ModelNet40 Classification

In this page, we will go over a simple demo example that trains a 3D convolutional neural network with for classification. The input is a sparse tensor and convolution is defined on a sparse tensor as well. The network is an extension of the following architecture, but with residual blocks and a lot more layers.

../_images/classification_3d_net.png

Before we proceed, please go over the training and data loading tutorial first.

Making a ModelNet40 data loader

First, we need to create a data loader that return a sparse tensor representation of a mesh. However, a mesh representation of a 3D model can be sparse if we only use vertices.

We will first sample points with the same density.

def resample_mesh(mesh_cad, density=1):
    '''
    https://chrischoy.github.io/research/barycentric-coordinate-for-mesh-sampling/
    Samples point cloud on the surface of the model defined as vectices and
    faces. This function uses vectorized operations so fast at the cost of some
    memory.

    param mesh_cad: low-polygon triangle mesh in o3d.geometry.TriangleMesh
    param density: density of the point cloud per unit area
    param return_numpy: return numpy format or open3d pointcloud format
    return resampled point cloud

    Reference :
      [1] Barycentric coordinate system
      \begin{align}
        P = (1 - \sqrt{r_1})A + \sqrt{r_1} (1 - r_2) B + \sqrt{r_1} r_2 C
      \end{align}
    '''
    faces = np.array(mesh_cad.triangles).astype(int)
    vertices = np.array(mesh_cad.vertices)

    vec_cross = np.cross(vertices[faces[:, 0], :] - vertices[faces[:, 2], :],
                         vertices[faces[:, 1], :] - vertices[faces[:, 2], :])
    face_areas = np.sqrt(np.sum(vec_cross**2, 1))

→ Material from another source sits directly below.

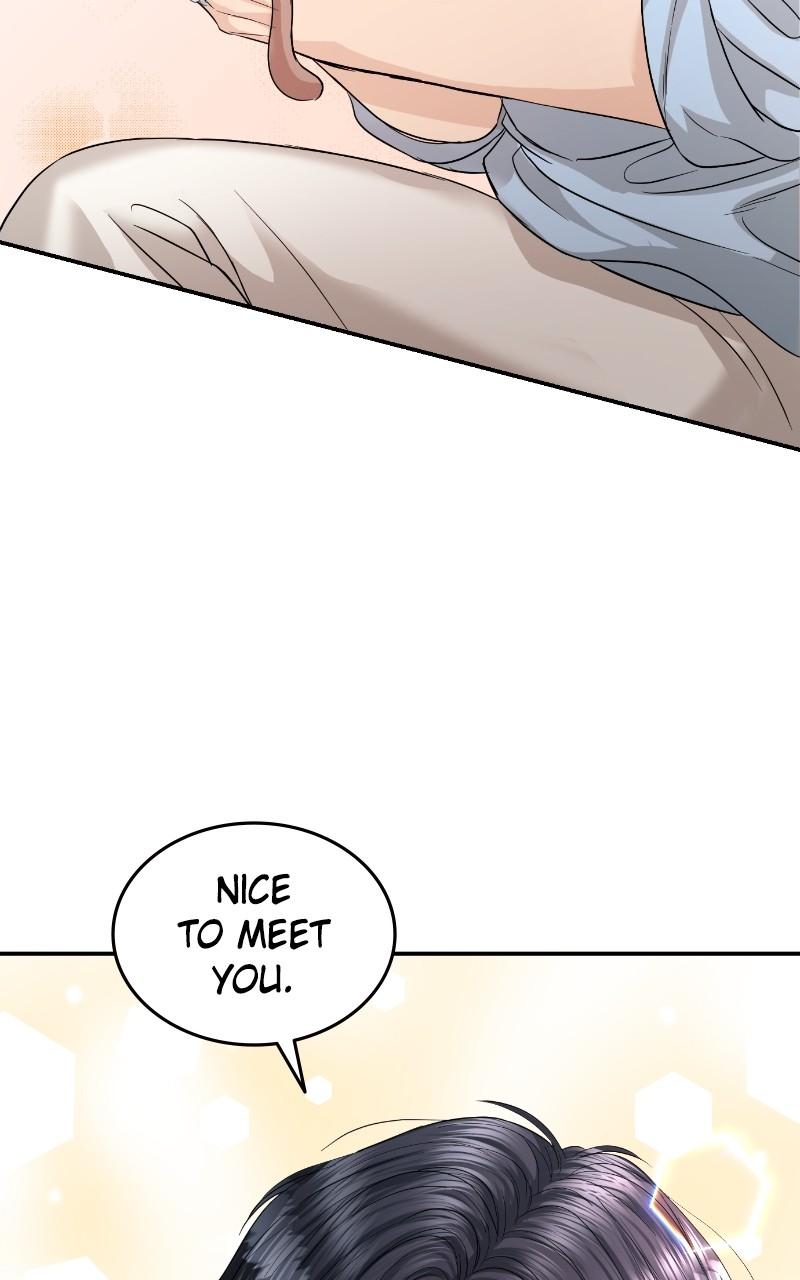 Read Perfect Marriage Revenge EN Manga Online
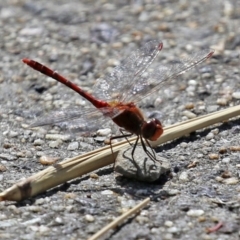 Diplacodes bipunctata at Gordon, ACT - 23 Mar 2022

    n_samples = (np.sum(face_areas) * density).astype(int)

    n_samples_per_face = np.ceil(density * face_areas).astype(int)
    floor_num = np.sum(n_samples_per_face) - n_samples
    if floor_num > 0:
        indices = np.where(n_samples_per_face > 0)[0]
        floor_indices = np.random.choice(indices, floor_num, replace=True)
        n_samples_per_face[floor_indices] -= 1

    n_samples = np.sum(n_samples_per_face)

    # Create a vector that contains the face indices
    sample_face_idx = np.zeros((n_samples,), dtype=int)
    acc = 0
    for face_idx, _n_sample in enumerate(n_samples_per_face):
        sample_face_idx[acc:acc + _n_sample] = face_idx
        acc += _n_sample

    r = np.random.rand(n_samples, 2)
    A = vertices[faces[sample_face_idx, 0], :]
    B = vertices[faces[sample_face_idx, 1], :]
    C = vertices[faces[sample_face_idx, 2], :]

    P = (1 - np.sqrt(r[:, 0:1])) * A + \
        np.sqrt(r[:, 0:1]) * (1 - r[:, 1:]) * B + \
        np.sqrt(r[:, 0:1]) * r[:, 1:] * C

    return P

The above function will sample points on a mesh with the same density. Next, we go through a series of data augmentation steps before quantization steps.

Data Augmentation

A sparse tensor consists of two components: 1) coordinates and 2) features associated to those coordinates. We have to apply data augmentation to both components to maximize the utility of the fixed dataset and make the network robust to noise.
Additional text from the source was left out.